• **Extracted entries**
# # #
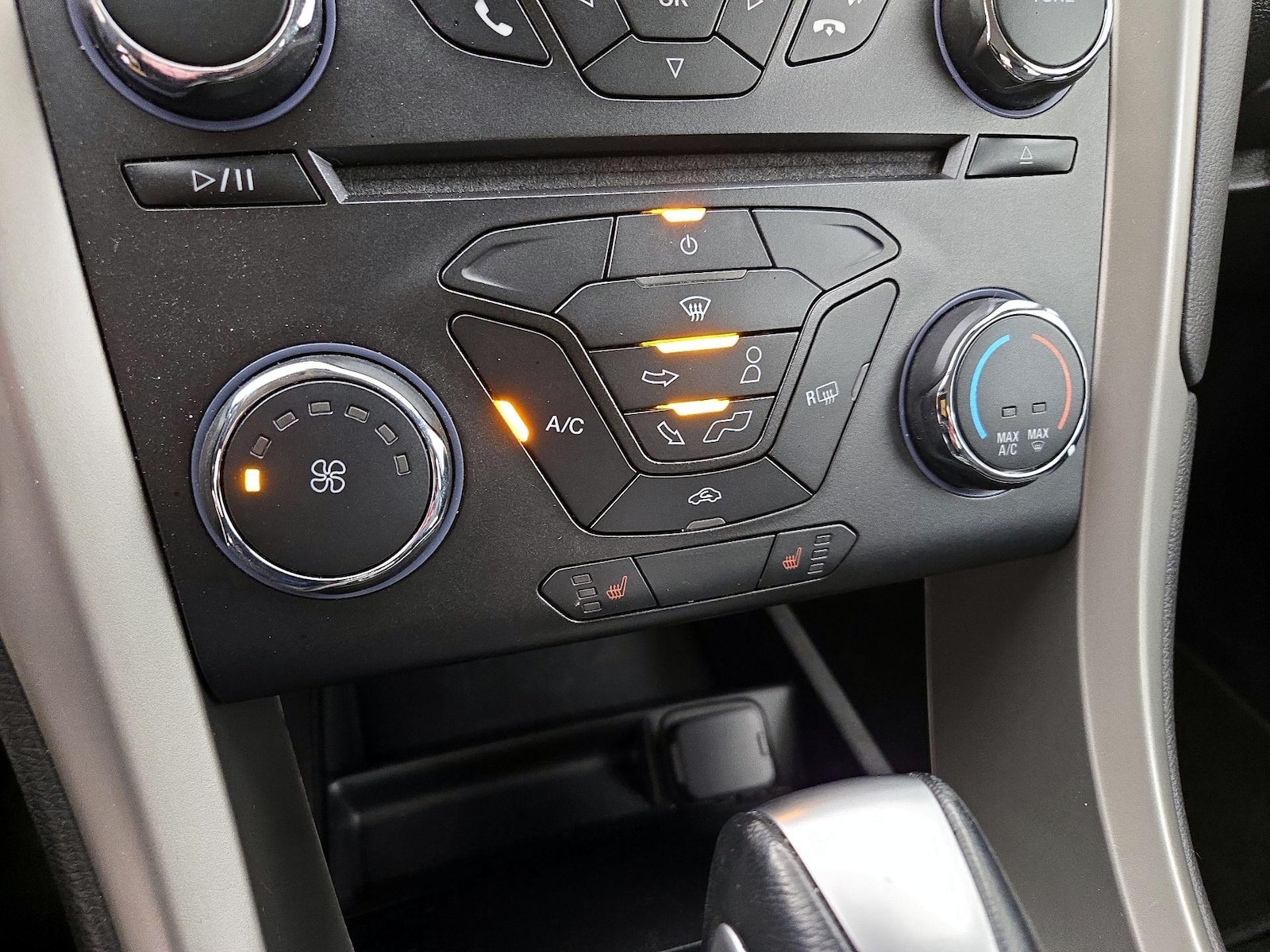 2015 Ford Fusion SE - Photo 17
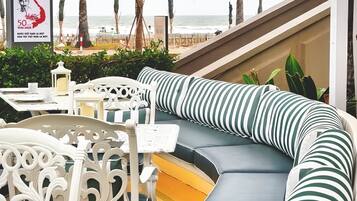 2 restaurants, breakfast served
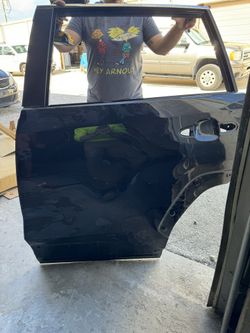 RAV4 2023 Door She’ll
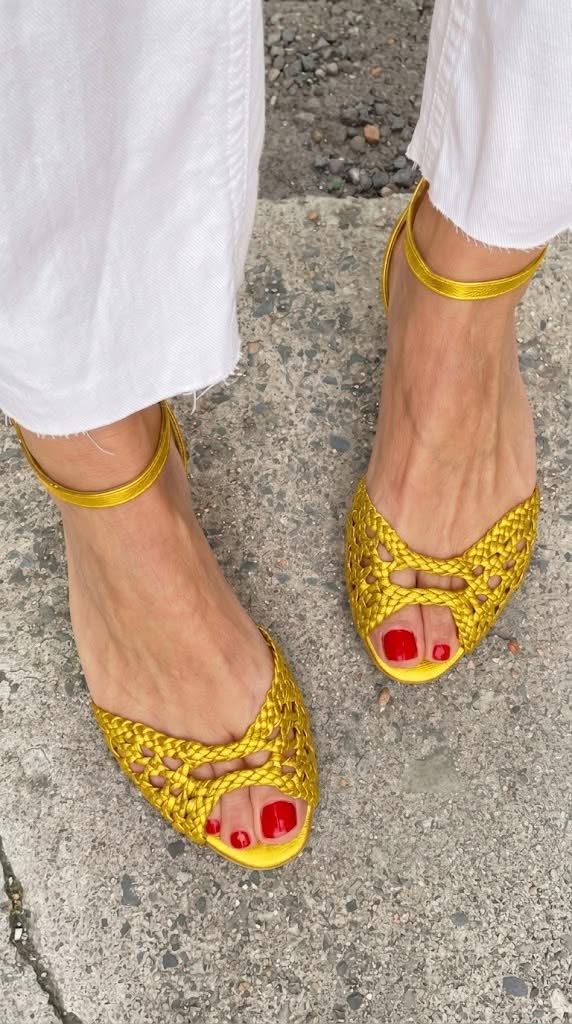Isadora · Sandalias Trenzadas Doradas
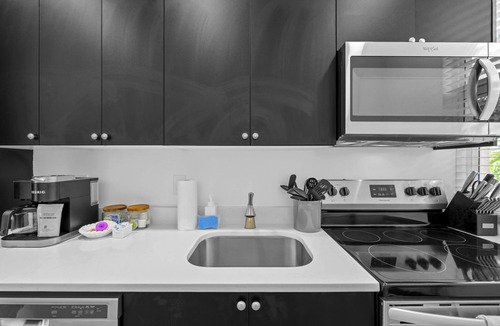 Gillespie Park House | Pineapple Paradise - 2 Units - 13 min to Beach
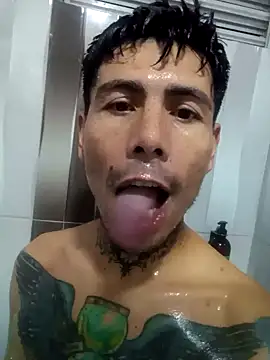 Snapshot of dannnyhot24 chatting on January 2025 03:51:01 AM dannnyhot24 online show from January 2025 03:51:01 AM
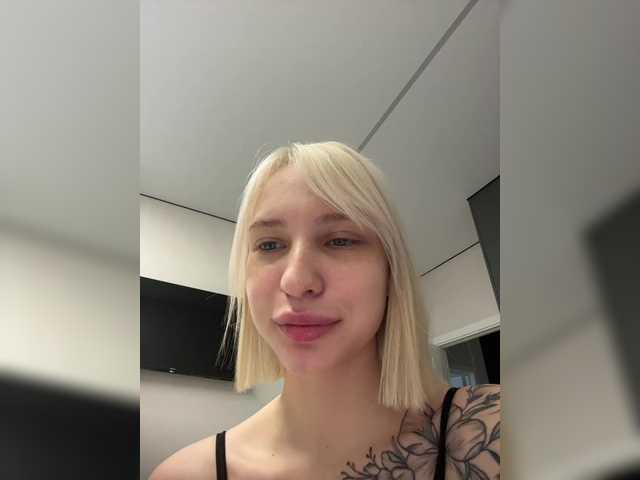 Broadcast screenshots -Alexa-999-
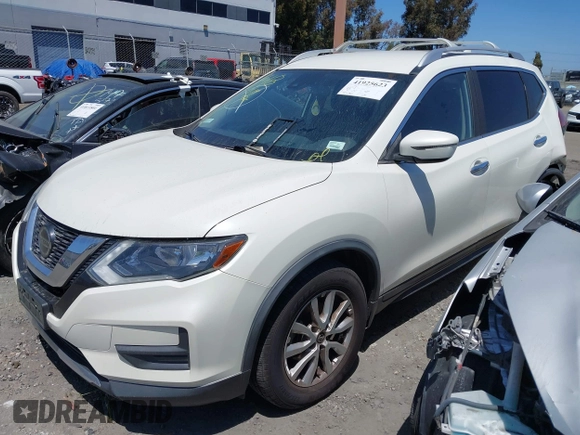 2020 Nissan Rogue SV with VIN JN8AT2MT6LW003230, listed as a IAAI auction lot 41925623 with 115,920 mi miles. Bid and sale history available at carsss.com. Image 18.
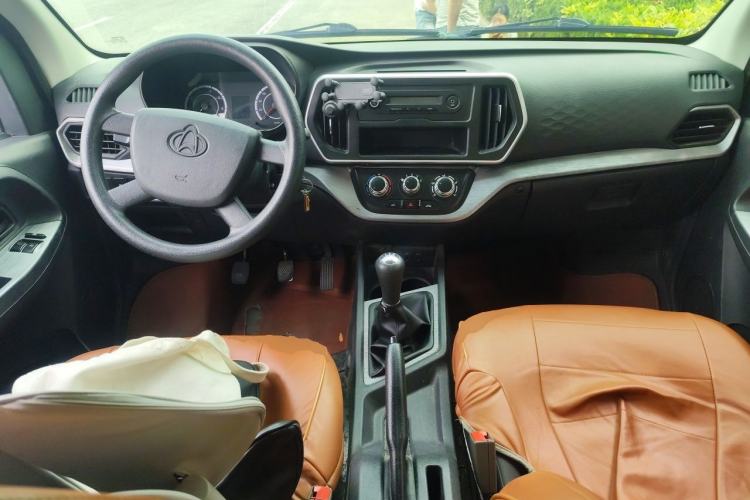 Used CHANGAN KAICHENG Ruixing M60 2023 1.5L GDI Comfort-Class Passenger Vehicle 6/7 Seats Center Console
# # #
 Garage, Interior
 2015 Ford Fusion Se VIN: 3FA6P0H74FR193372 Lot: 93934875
# # #
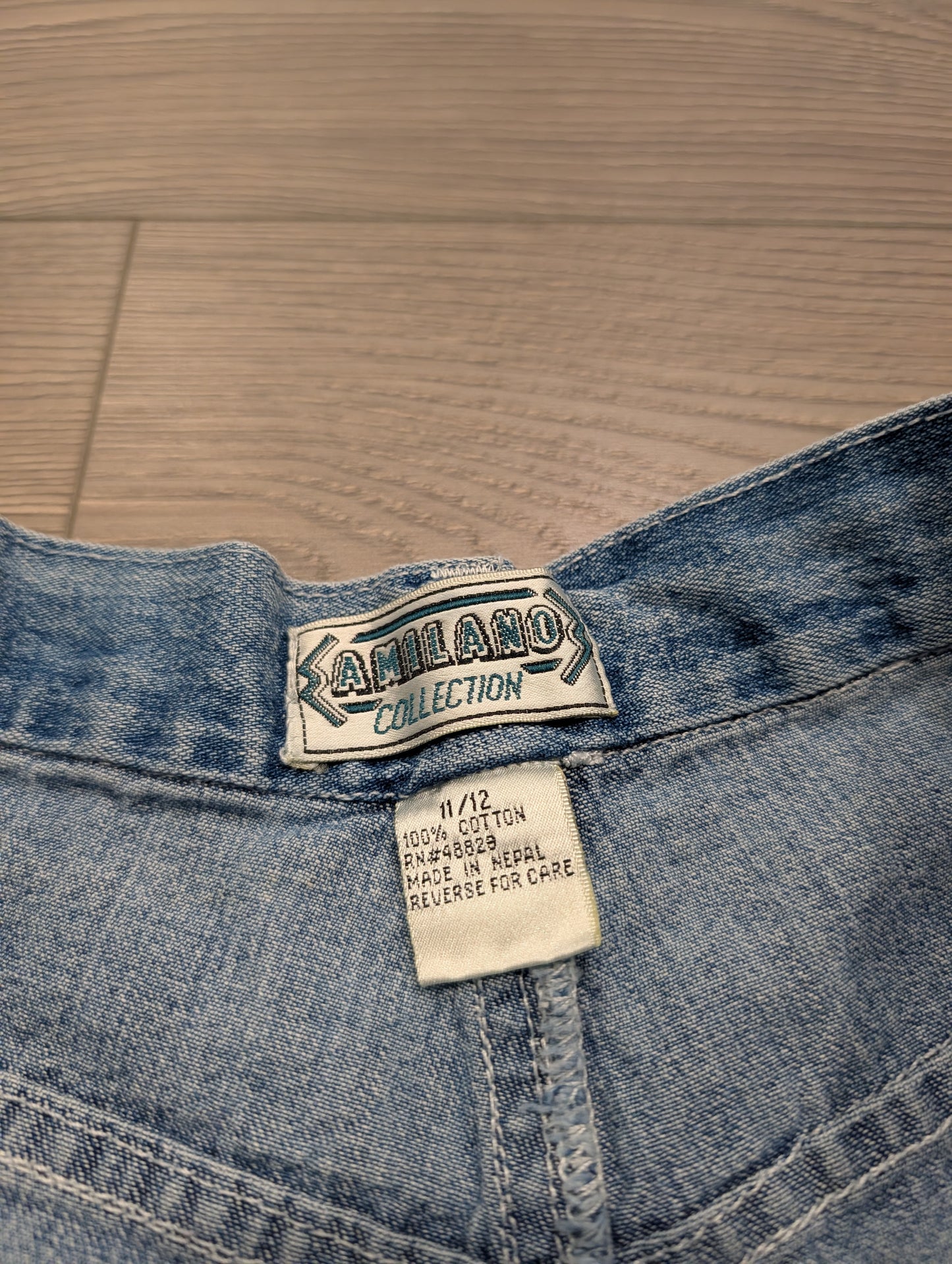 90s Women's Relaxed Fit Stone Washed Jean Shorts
# # #
In the material above, the stretch from the line with "2015 Ford Fusion SE - Photo 17" through the line with "Used CHANGAN KAICHENG" is to be given again exactly, minus the pictures.

• **Response for this exercise**
 2015 Ford Fusion SE - Photo 17
 2 restaurants, breakfast served
 RAV4 2023 Door She’ll
Isadora · Sandalias Trenzadas Doradas
 Gillespie Park House | Pineapple Paradise - 2 Units - 13 min to Beach
 Snapshot of dannnyhot24 chatting on January 2025 03:51:01 AM dannnyhot24 online show from January 2025 03:51:01 AM
 Broadcast screenshots -Alexa-999-
 2020 Nissan Rogue SV with VIN JN8AT2MT6LW003230, listed as a IAAI auction lot 41925623 with 115,920 mi miles. Bid and sale history available at carsss.com. Image 18.
 Used CHANGAN KAICHENG Ruixing M60 2023 1.5L GDI Comfort-Class Passenger Vehicle 6/7 Seats Center Console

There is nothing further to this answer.